The FDA has designated a Class II, or six-month, review timeline for the resubmission, according to Prescription Drug User Fee Act (PDUFA) guidelines. Actemra is the first interleukin-6 (IL-6) receptor-inhibiting monoclonal antibody for the treatment of adult patients with moderately to severely active rheumatoid arthritis (RA).
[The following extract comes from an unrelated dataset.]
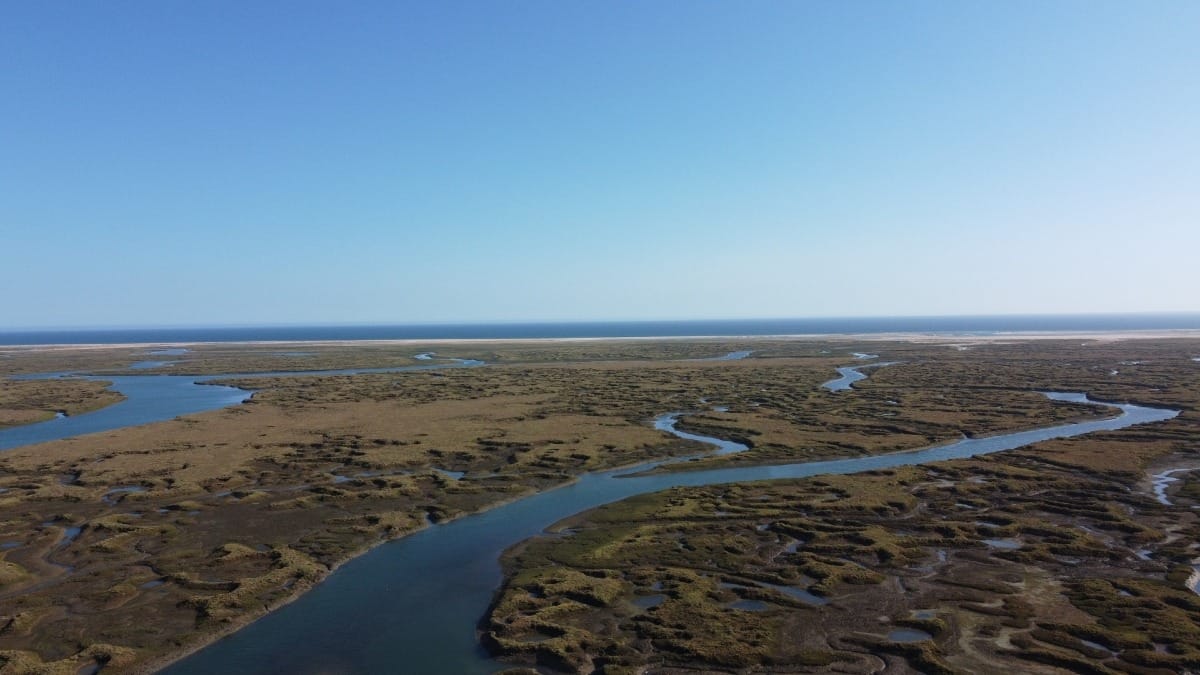 8Pz7 faro ria formosa natural reserve full day eco tour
Roche has worked diligently to fulfil the FDA's requirements for Actemra and has submitted the complete response resubmission earlier than anticipated in the third quarter of 2009. As requested by the FDA, key elements of the complete response resubmission include a proposed Risk Evaluation and Mitigation Strategy (REMS) to help ensure that health care professionals prescribe and administer Actemra correctly, and that patients understand the benefits and known and potential risks associated with this medication. The resubmission also includes the requested non-clinical studies evaluating the effect of Actemra on peri- and post-natal development, and fertility.

The BLA for Actemra is based on the results of an extensive multi-national clinical development programme, which included more than 4,000 patients in 41 countries, including the US. These studies demonstrated that Actemra, alone or in combination with methotrexate or other disease-modifying anti-rheumatic drugs (DMARDS), significantly reduced the signs and symptoms of RA, regardless of previous therapy or disease severity, compared to DMARDS alone. In July 2008, the Arthritis Advisory Committee of the FDA voted 10-1 to recommend the approval of Actemra.

Actemra is part of a co-development programme between Roche and Chugai Pharmaceutical Co.